> [Dataset extract]
------------
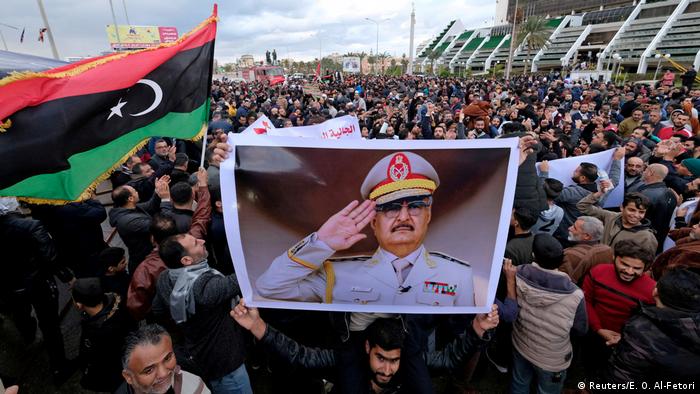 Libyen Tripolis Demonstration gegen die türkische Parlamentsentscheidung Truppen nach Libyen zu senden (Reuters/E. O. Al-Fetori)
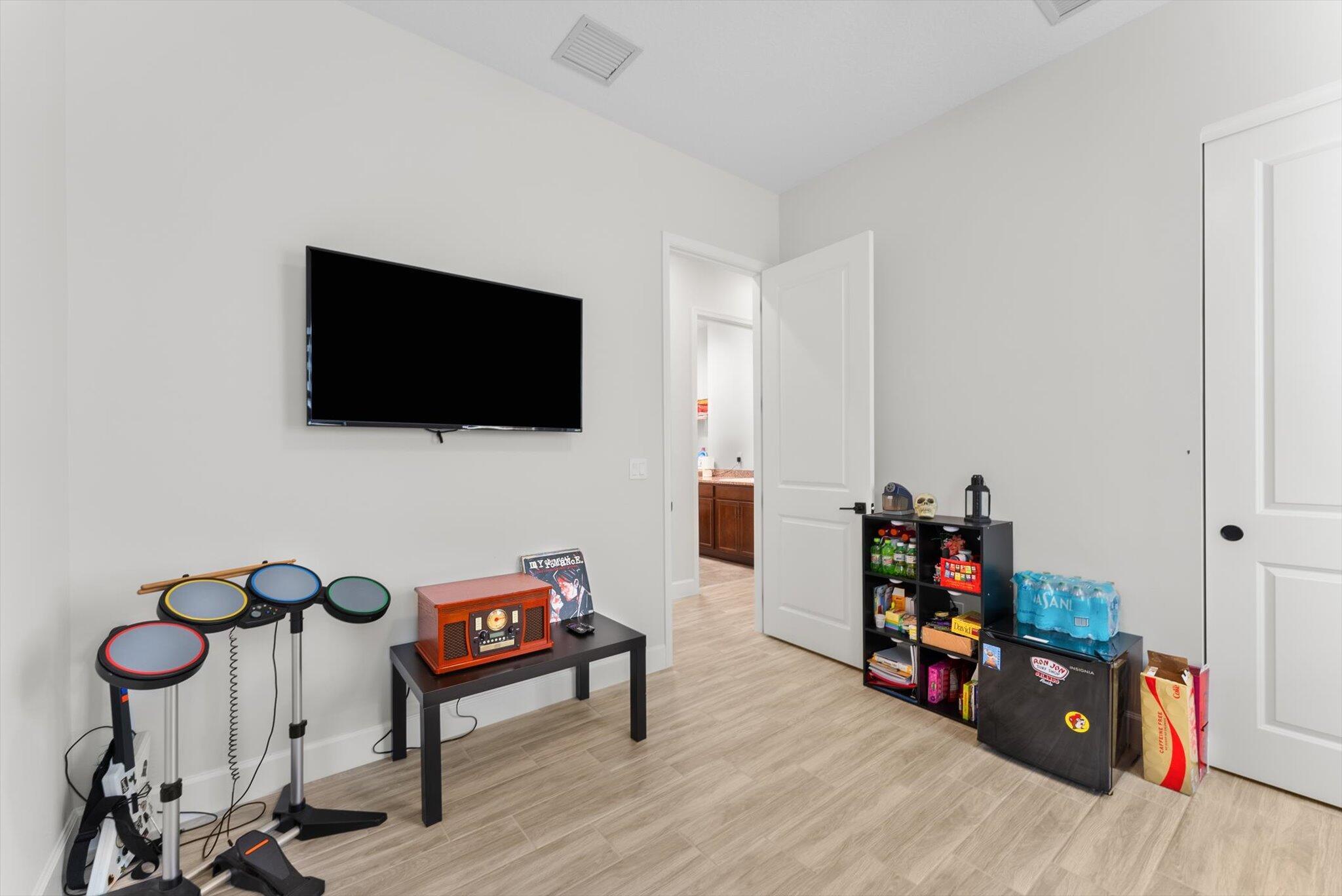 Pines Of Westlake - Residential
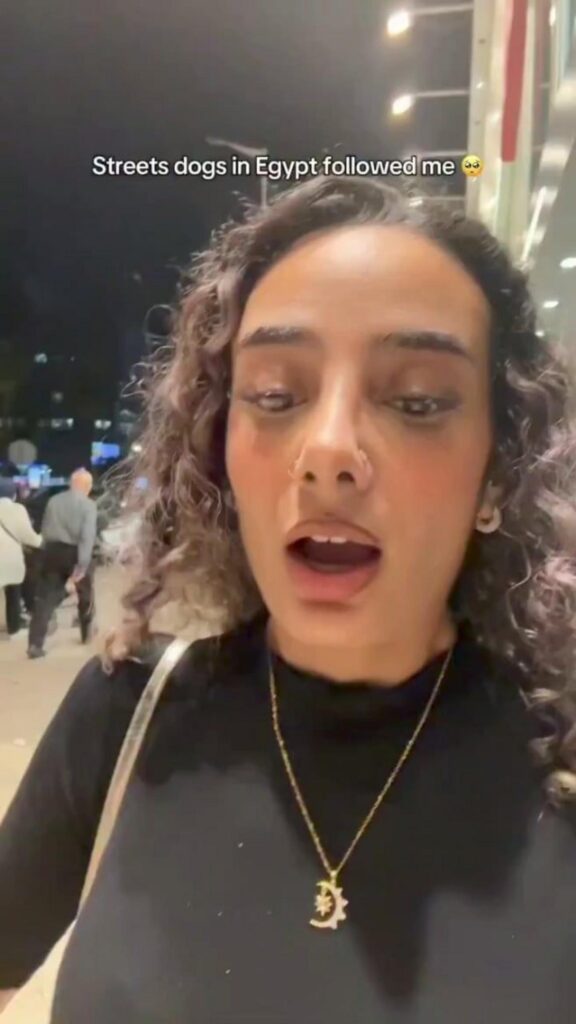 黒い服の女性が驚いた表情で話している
------------
> [Assignment] Return the data exactly as it stands, minus the pictures.

> [Solution]
 Libyen Tripolis Demonstration gegen die türkische Parlamentsentscheidung Truppen nach Libyen zu senden (Reuters/E. O. Al-Fetori)
 Pines Of Westlake - Residential
 黒い服の女性が驚いた表情で話している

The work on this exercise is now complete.